An Image is Worth One Word: Personalizing Text-to-Image Generation using Textual Inversion

Accept info: ICLR 2023 Spotlight
Authors: Rinon Gal, Yuval Alaluf, Yuval Atzmon, Or Patashnik, Amit H. Bermano, Gal Chechik, Daniel Cohen-Or
Affiliation: Tel-Aviv University, NVIDIA
Links: arXiv, OpenReview, project page, GitHub
Task: personalized text-to-image generation
TLDR: Personalized text-to-image generation via optimizing only a single word embedding.

1. Intuition & Motivation

  • Goal: language-guided generation of new, user-specific concepts
    (ex. text-guided personalized generation, style transfer, concept compositions, bias reduction)

Figure3

Recently, large-scale text-to-image models have demonstrated an unprecedented capability to reason over natural language descriptions.
However, generating a desired target, such as user-specific concept, through text is quite difficult.
(see Figure 3)

To overcome this challenge, it is natural to train the T2I model to learn new concepts.
The three most common approaches are:

  1. Re-training the model with an expanded dataset, which is prohibitively expensive.
  2. Fine-tuning on a few examples, which typically leads to catastrophic forgetting.
  3. Training an adapter, though previous works face difficulties, such as accessing newly learned concepts.

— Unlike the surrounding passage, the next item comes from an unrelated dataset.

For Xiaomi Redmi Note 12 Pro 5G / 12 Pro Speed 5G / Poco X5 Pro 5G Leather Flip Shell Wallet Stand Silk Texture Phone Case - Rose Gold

Since training the T2I model has several limitations, authors frame the task as an inversion, inverting the concepts into new pseudo-words within the textual embedding space of a pre-trained text-to-image model.

2. Textual Inversion

Figure2

2.1. Approach overview

  • Goal: find pseudo-words that encode new, user-specified concepts
  • Core method: find pseudo-words through a visual reconstruction objective

2.2. Objective

\[v_* = \textrm{argmin}_{v} \mathbb{E}_{z \sim \mathcal{E}(x), y, \epsilon \sim \mathcal{N}(0,1), t} \left[ \left\| \epsilon - \epsilon_{\theta}(z_t, t, c_{\theta}(y)) \right\|_2^2 \right]\]

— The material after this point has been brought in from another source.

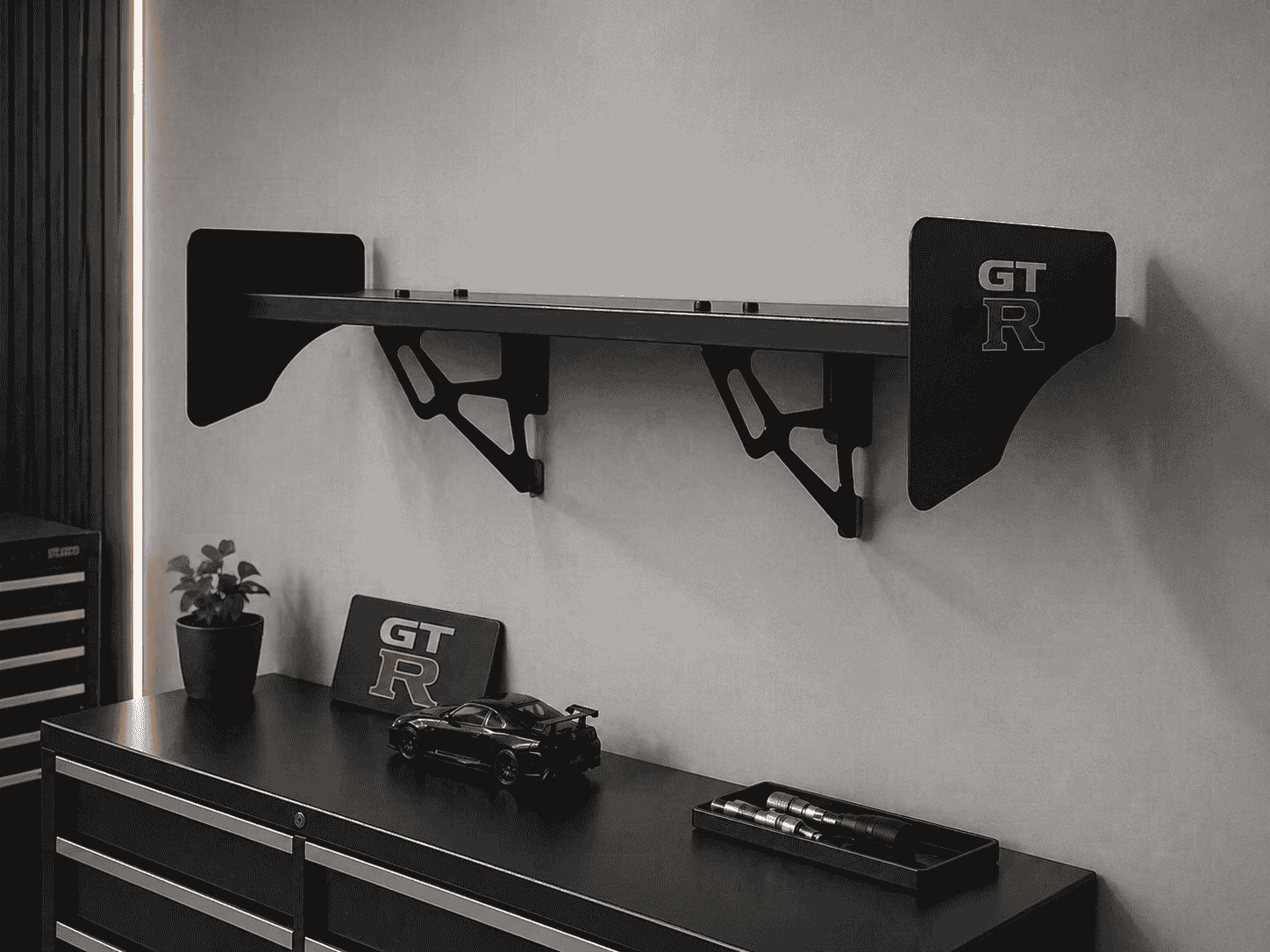 GTR Nissan Style Metal Wall Spoiler Shelf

Find \(v_*\) through direct optimization, by minimizing the LDM loss.
Re-using the same training scheme as the original LDM model motivates the learned embedding to capture fine visual details unique to the concept.

3. Experiments

3.1. Qualitative results

Results are partially curated.
For each prompt, generate 16 candidates and manually select the best result.

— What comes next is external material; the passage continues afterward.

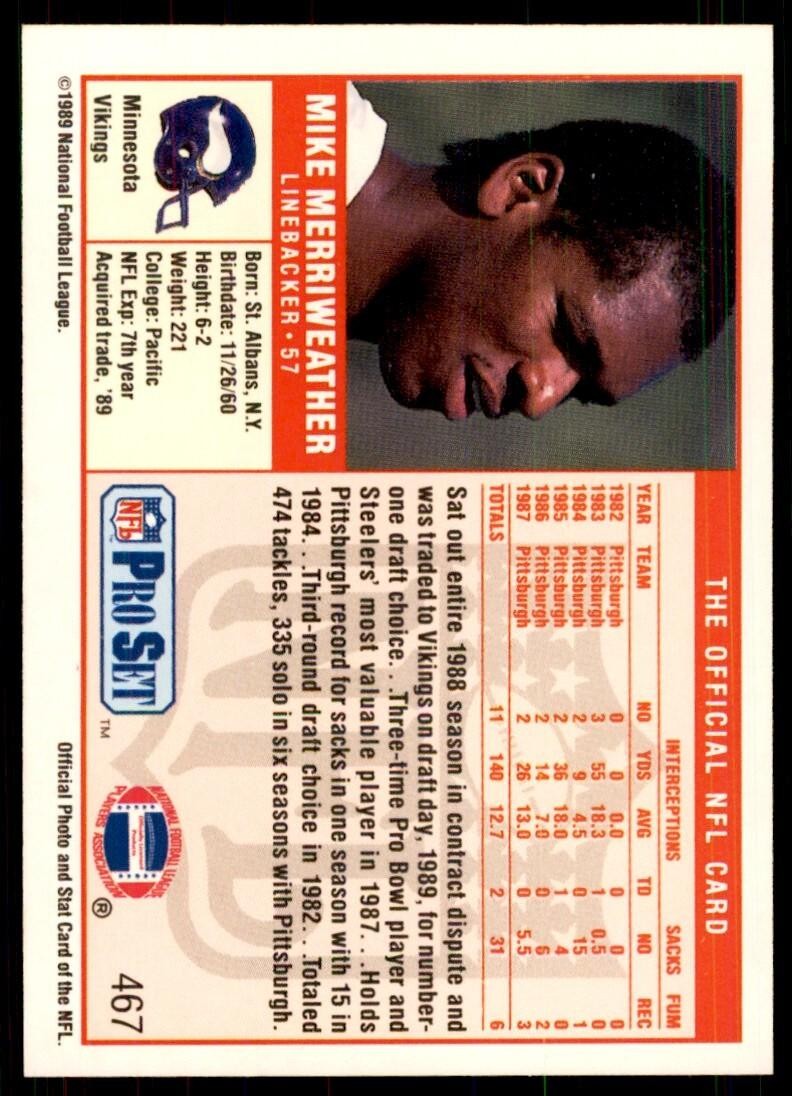 1989 Pro Set. Mike Merriweather A Football Cards #467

Text-guided synthesis (Figure 4) Figure4
Style transfer (Figure 6) Figure6
Concept compositions (Figure 7) Figure7
Bias reduction (Figure 8) Figure8
Downstream applications (Figure 9) Figure9

3.2. Quantitative analysis

  • Metrics
    Reconstruction (ability to replicate the target concept): CLIP-I, user study
    Editability (ability to modify the concepts using textual prompts): CLIP-T, user study
  • Evaluation
    Generate 64 samples using 50 DDIM steps per prompt
  • Implementation details
    Use LDM
    5,000 optimization steps
    Word embeddings were initialized with the embeddings of a single-word coarse descriptor of the object
  • Ablations
    Inversion method
    Traing dataset (training set size, training image diversity, training prompts)

3.3. Limitations

  1. Typical failure cases: difficult relational prompts
  2. Learning a single concept requires roughly two hours.
  3. Since CLIP is less sensitive to shape-preservation, CLIP-I is not a reliable metric.
  4. Textual Inversion may still struggle with learning precise shapes, instead incorporating the semantic essence of a concept.
  5. In contrast to the baseline LDM model, inverted Stable Diffusion embeddings tend to dominate the prompt and become more difficult to integrate into new, simple prompts.